Almost twenty-five years after he had incorporated the National Alliance and begun publishing the first serial installments of
The Turner Diaries
, William Pierce finally possessed a sizable, stable, professionally administered, and increasingly active organization of white nationalist revolutionaries. It was still primarily a propaganda outfit, not a party vying directly for political power, but it had other credits to its name. It had spun off or inspired killers and bombers from Robert Mathews to Timothy McVeigh. It had influenced other organizations and personalities, from David Duke’s Knights of the Ku Klux Klan to George Burdi and the Hammerskin Nation.

With Resistance Records now fully transferred into his possession, Pierce turned toward recruiting the twenty-somethings that populated the white power music scene. He acquired Nordland, a Scandinavian music enterprise that had mirrored Resistance Records in style and substance.
14

Pierce arranged for publication of
Resistance
, no. 9, the first issue to appear since before the Michigan tax raid in 1997.
15
He wrote the lead editorial and praised music to which he did not listen as the stuff of “rebirth and renewal.” An ad for the National Alliance and other less obvious blandishments filled those pages not assigned to puff reviews and band promotions. Oddly, several articles insulted skinheads for their tattoos and lack of discipline, but otherwise the magazine looked much like previous issues. In retrospect, perhaps the most important piece was an interview with Erich Gliebe. At that moment Gliebe still served as the alliance’s Ohio regional coordinator.
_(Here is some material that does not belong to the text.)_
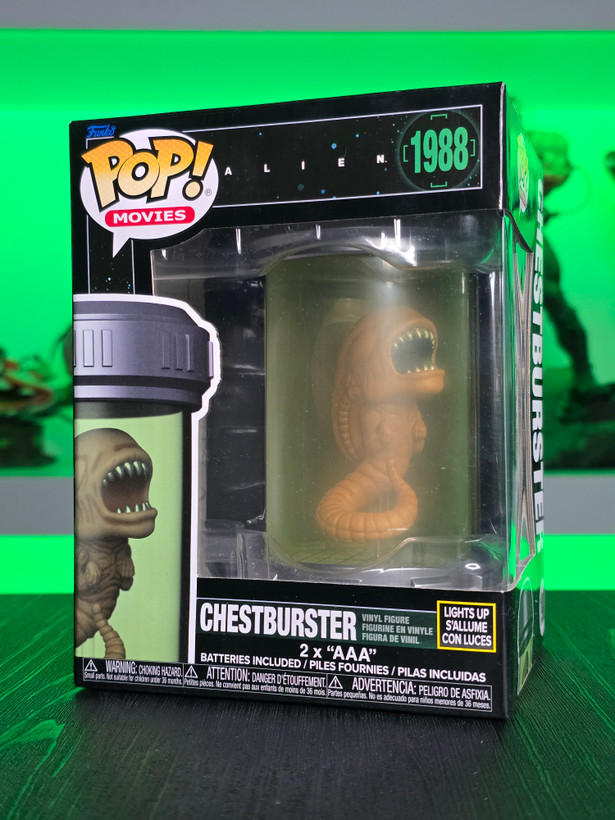 فانکوپاپ! بیگانه چست برستر چراغ دار POP! ALIEN Premium Light Up Chestburster 1988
Pierce soon promoted him to a full-time position as Resistance Records’ manager and editor of its magazine. Gliebe still preferred ethnic folk dancing to mosh pit thrashing. “While moshing is a great way to relieve stress and can be fun,” he told
Resistance
magazine, “it is a much manlier thing to lead a lady in your arms across the dance floor than running into some sweaty drunk in the mosh pit.”
16
Despite this gap in musical tastes, Pierce hired him to edit the magazine, and Gliebe was glad to do it.

Resistance
’s skinhead readership, however, took umbrage at Gliebe’s remarks about manhood. They undoubtedly admired his “Aryan Barbarian” side, but otherwise he seemed out of sync with many of the subculture’s other values. This tension between the National Alliance’s straitlaced lifestyle and the wild-in-the-streets attitudes of the young white powerniks continued to bedevil Gliebe. As the company’s manager and the magazine’s editor he soon apologized for not understanding the “subtle nuances of the skinhead subculture.”
17
At that point Gliebe had to act as if he cared. Simply put, he could not impugn the tattooed beer-soaked norms of skinheads and successfully sell them hundreds of thousands of dollars in music and paraphernalia at the same time.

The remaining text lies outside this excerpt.